Credit Suisse Logs Q3 Private Banking Pre-Tax Income Drop, Eyes Growth Markets

Tom Burroughes Group Editor London 1 November 2011

Credit Suisse Logs Q3 Private Banking Pre-Tax Income Drop, Eyes Growth Markets

The private banking arm of Credit Suisse reported a fall in its third quarter private banking income as litigation costs related to tax affairs in the US and Germany hit results.

Credit Suisse’s private banking arm – comprising global wealth management and Swiss corporate and institutional clients – logged pre-tax income of SFr183 million (around $207.4 million) in the third quarter, down 78 per cent from SFr836 million a year ago, affected by one-off litigation costs.

The pre-tax income figures for the latest three-month period included litigation provisions of SFr295 million linked to US tax issues and SFr183 million connected to a German tax issue, Switzerland’s second-biggest bank said today.

In a bid to refocus away from Eurozone issues, the bank said it is looking to swell revenues in growth areas like Asia by two thirds in three years . The bank intends to allocate resources to faster growing markets, especially Brazil, Southeast Asia, Greater China and Russia, which it anticipates will grow from 15 per cent of the group’s revenues in 2010 to 25 per cent by 2014, it said in a statement.

Net new assets in private banking stood at SFr7.4 billion.

In the third quarter of 2010, the results included SFr44 million of provisions related to sales of auction rate securities. When those impacts are stripped out, pre-tax income fell 25 per cent year-on-year.

The wealth management clients business segment reported a pre-tax loss of SFr34 million in the third quarter, driven by the previously mentioned provisions of SFr478 million, while adjusted pre-tax income fell 32 per cent year-on-year, pushed lower by weaker net revenues as assets under management fell, with low interest rates also affecting business, Credit Suisse said. 

Credit Suisse’s private banking business in the UK suffered a blow last week when, confirming many months of strong rumours in the financial markets, it was fined £5.95 million (around $9.5 million) for systems and control failings surrounding the scale of structured capital at risk products, or “SCARPs”.
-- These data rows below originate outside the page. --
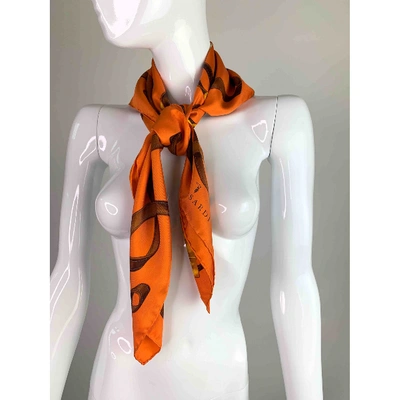 Pre-owned Trussardi Silk Scarf In Orange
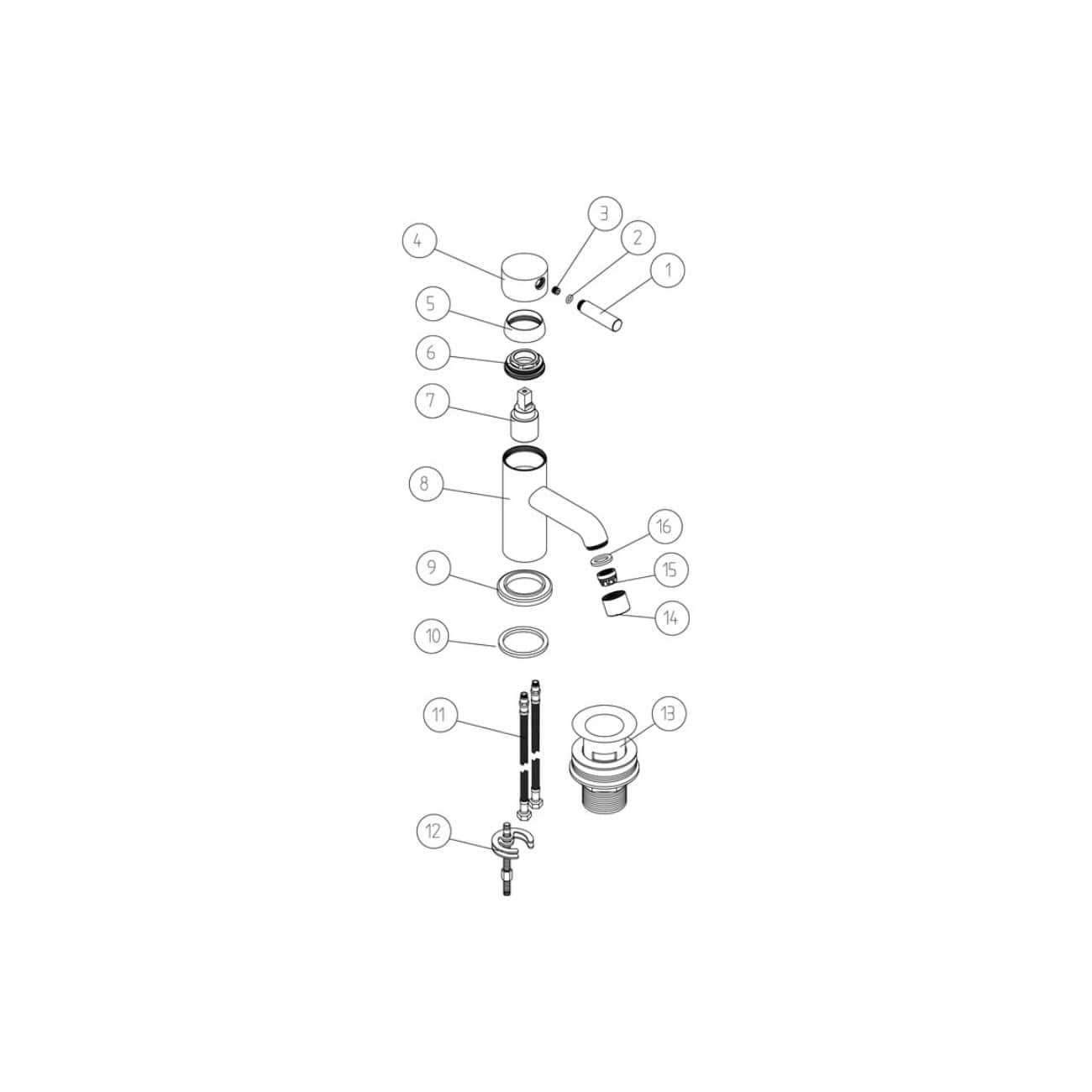 Precision bathroom faucet diagram showing detailed parts and assembly, ideal for plumbing repairs and installations in modern bathrooms.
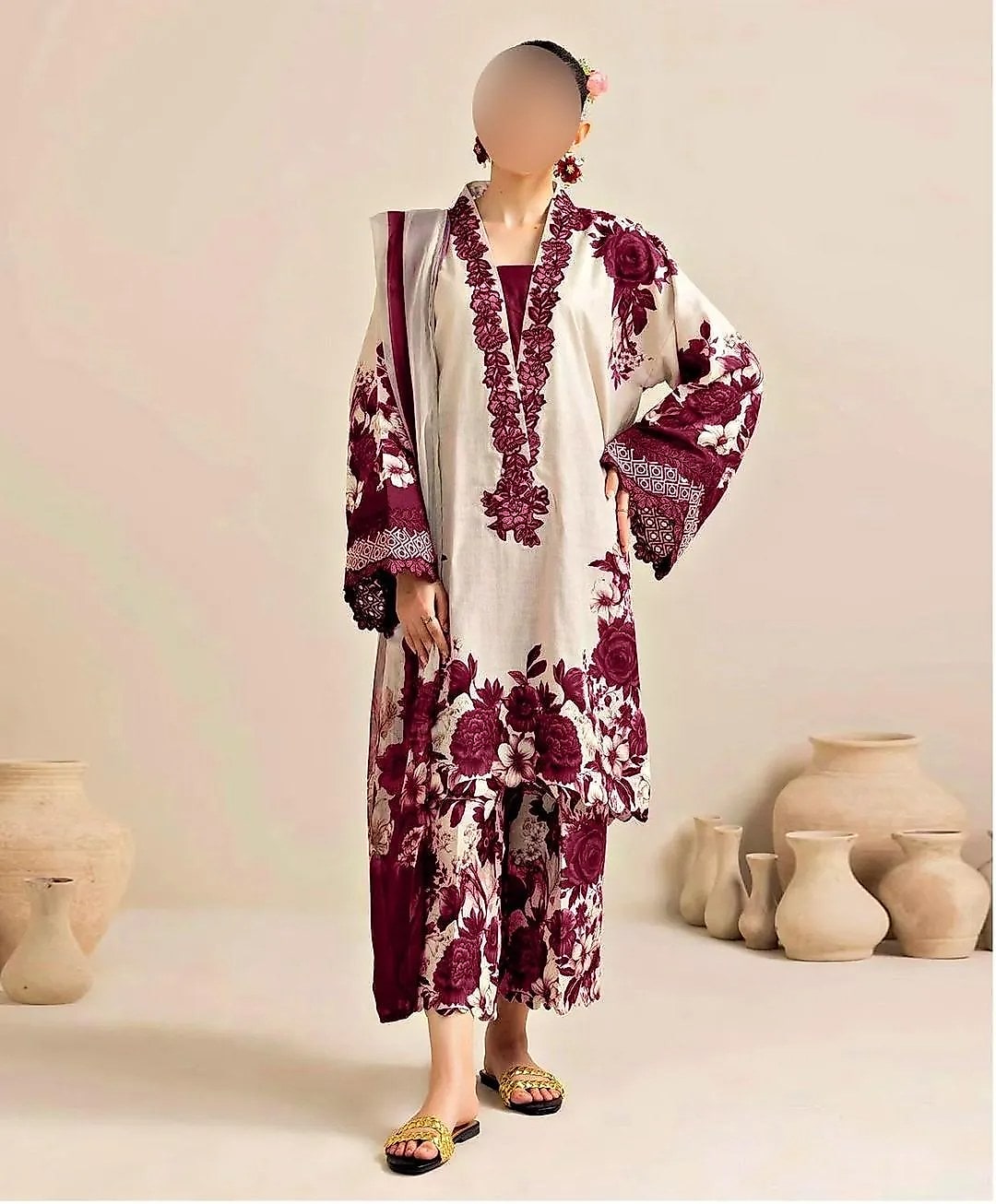 3 Pcs Maroon Silky Printed Suit for Women Summer Collection image 2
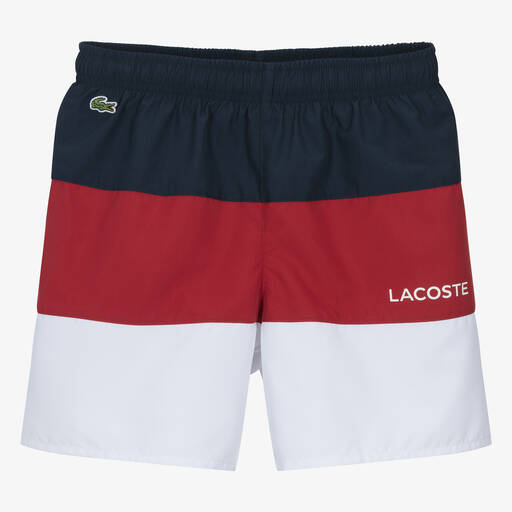 Lacoste-Teen Boys Navy Blue Swim Shorts | Childrensalon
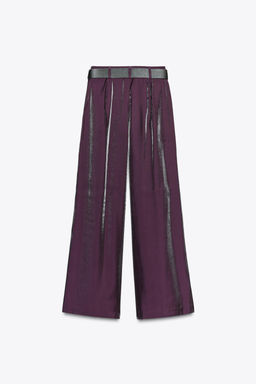 SATIN WIDE-LEG TROUSERS WITH BELT - Zara фото 7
Meanwhile, Brady Dougan, the Swiss bank’s chief executive, confirmed media reports this week by announcing further job cuts to the banking group.

Earlier this year, the firm started to push through cost cuts that will bring savings of around SFr1.2 billion (up from an initial estimate of SFr1.0 billion); leaving to cuts in 4 per cent of group staff. Dougan said the firm is targeting an additional SFr800 million of cost cuts by the end of 2013, with headcount reductions of around 3 per cent across the group. Dougan’s statement did not specify exactly where the cuts would occur but previous reports have said most of the reductions will happen in the investment banking segment.

For the entire Zurich-listed bank, Credit Suisse logged third-quarter net income attributable to shareholders of SFr683 million, up from SFr609 million in the same three months of 2010. The bank had a Basel Tier 1 ratio of 17.7 per cent at the end of the quarter. Client deposits stood at SFr278 billion.

Private banking logged net new assets of SFr7.4 billion, of which SFr6.6 billion was in the in wealth management clients segment, with “strong inflows” in ultra-high-net-worth individual client and emerging market segments.

Credit Suisse said its investment banking arm reported a pre-tax loss of SFr190 million, which reflected a “challenging and volatile market environment”. A year ago, this part of the bank made a pre-tax income of SFr395 million.